Please transcribe every entry below exactly, without including the pictures.

*** Opening LISTED RECORDS ***

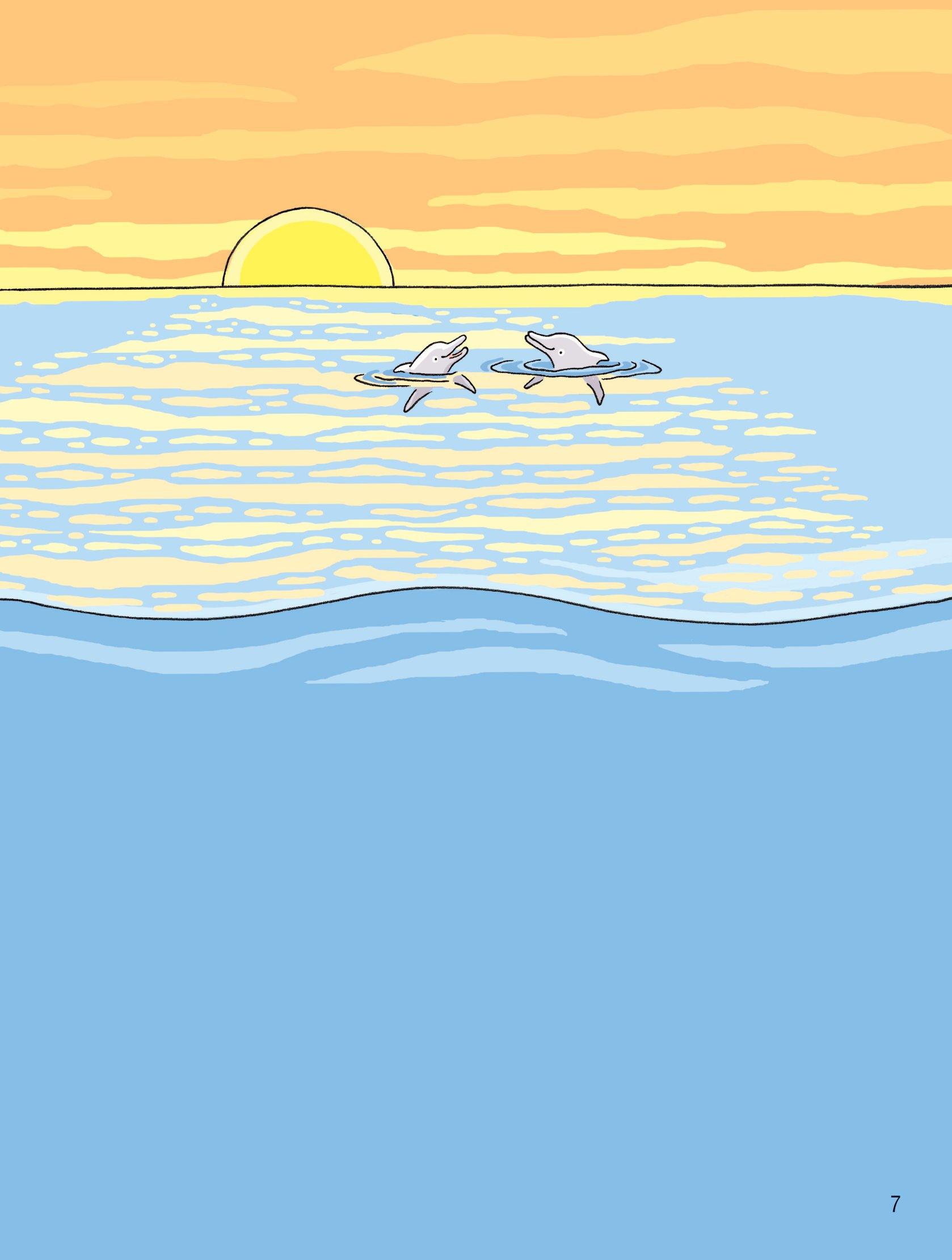 first sticker book - sách dán hình đầu đời cho bé - đại dương - Ảnh 7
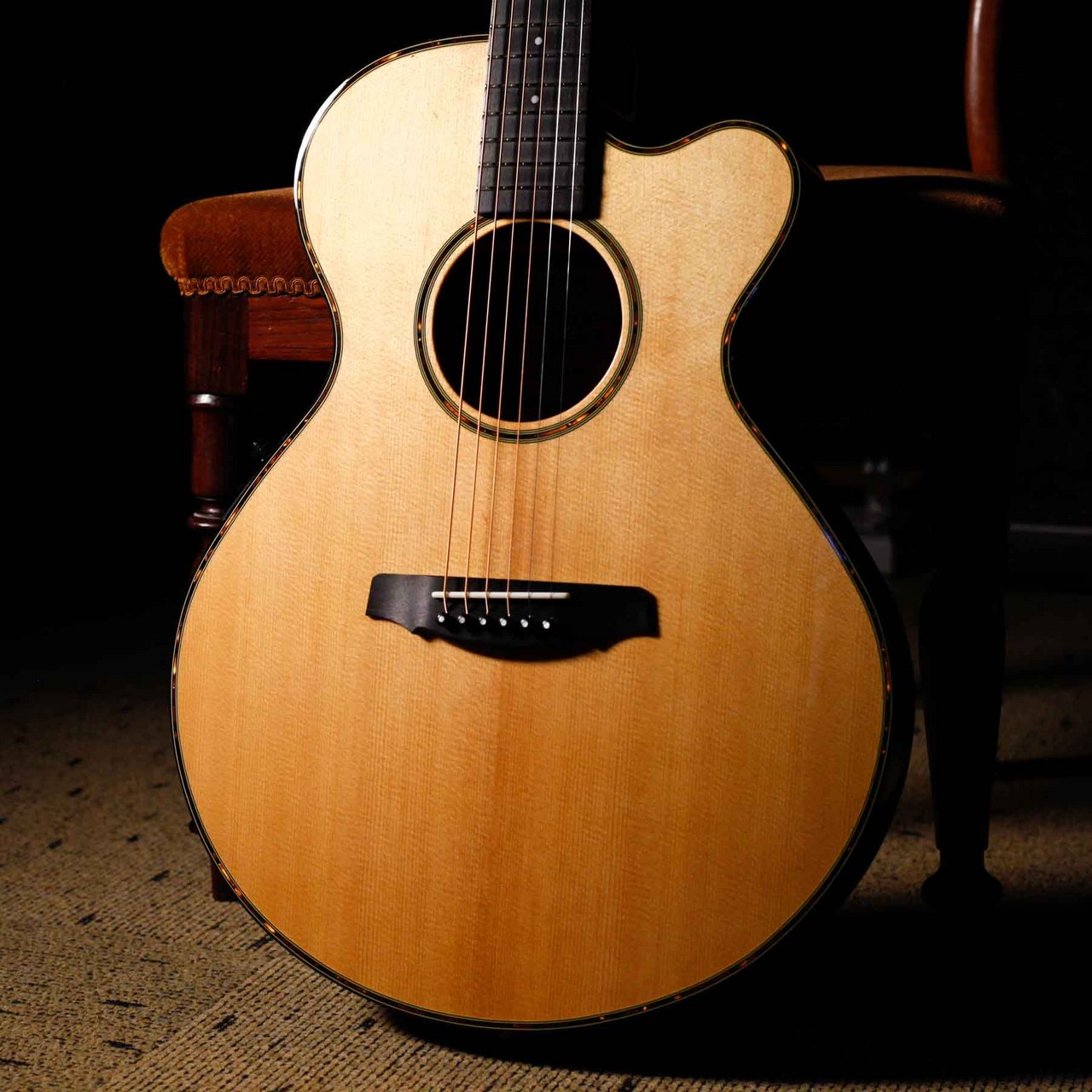 Crews Maniac Sound ES-1500C Natural（新品）【楽器検索デジマート】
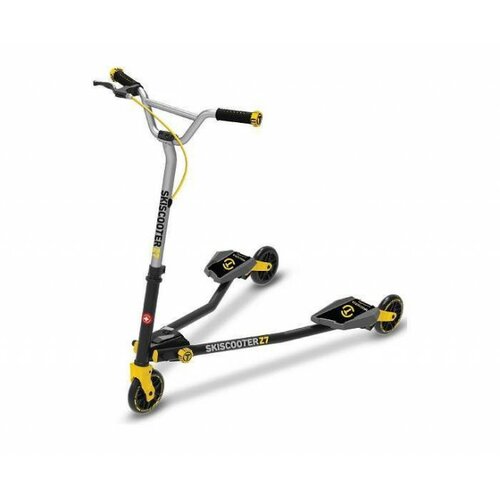 Smart Trike trotinet Ski Scooter Z7 Yellow Cene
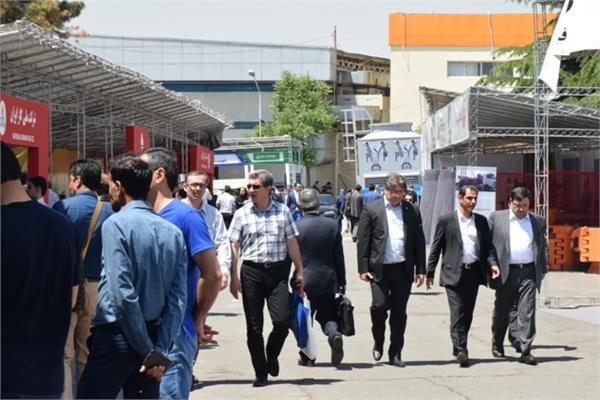 نمایشگاه بیستم نفت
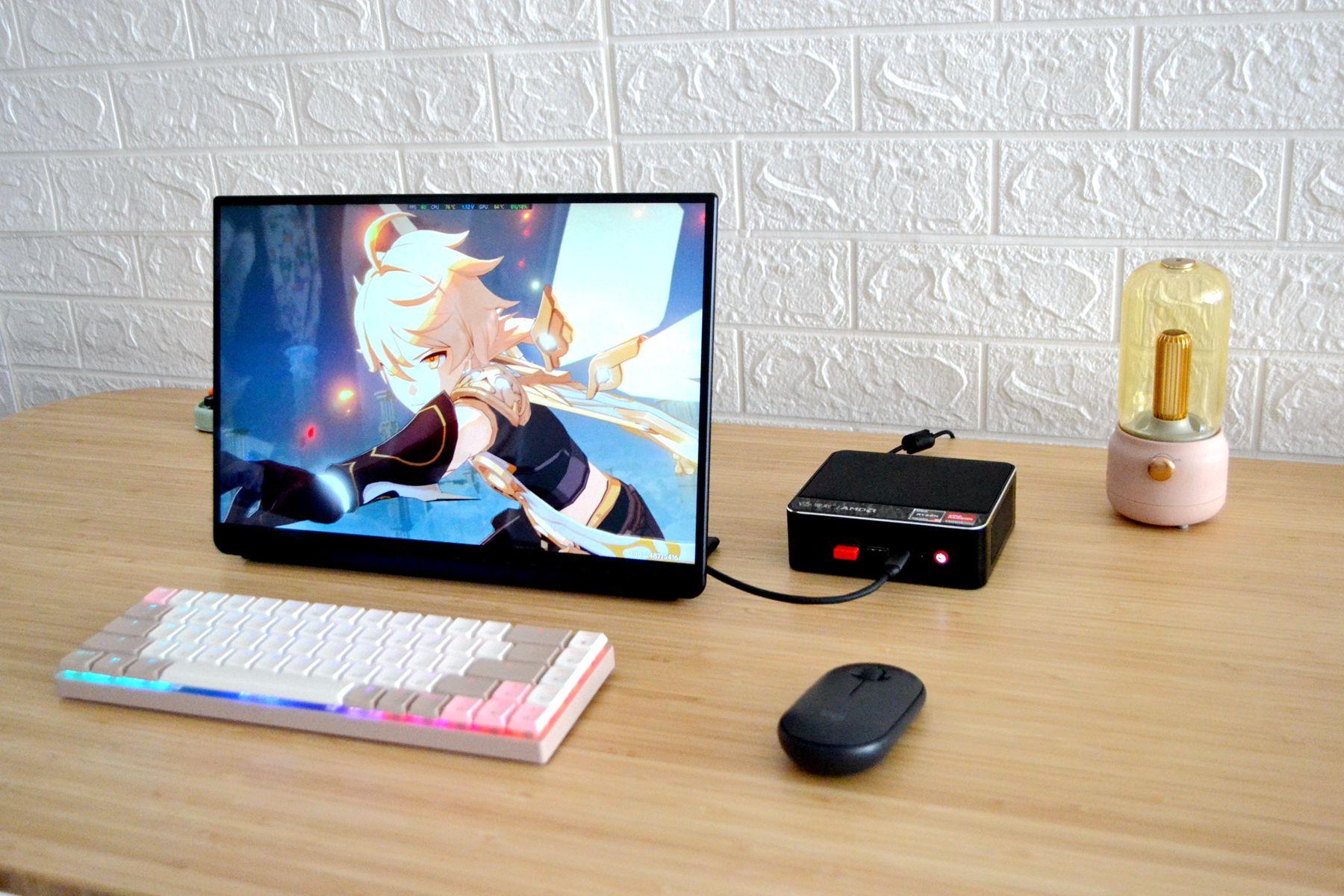 迷你主机能比得上10年前台式机吗,迷你pc和普通主机的区别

*** Closing LISTED RECORDS ***

EXPECTED OUTPUT:
 first sticker book - sách dán hình đầu đời cho bé - đại dương - Ảnh 7
 Crews Maniac Sound ES-1500C Natural（新品）【楽器検索デジマート】
 Smart Trike trotinet Ski Scooter Z7 Yellow Cene
 نمایشگاه بیستم نفت
 迷你主机能比得上10年前台式机吗,迷你pc和普通主机的区别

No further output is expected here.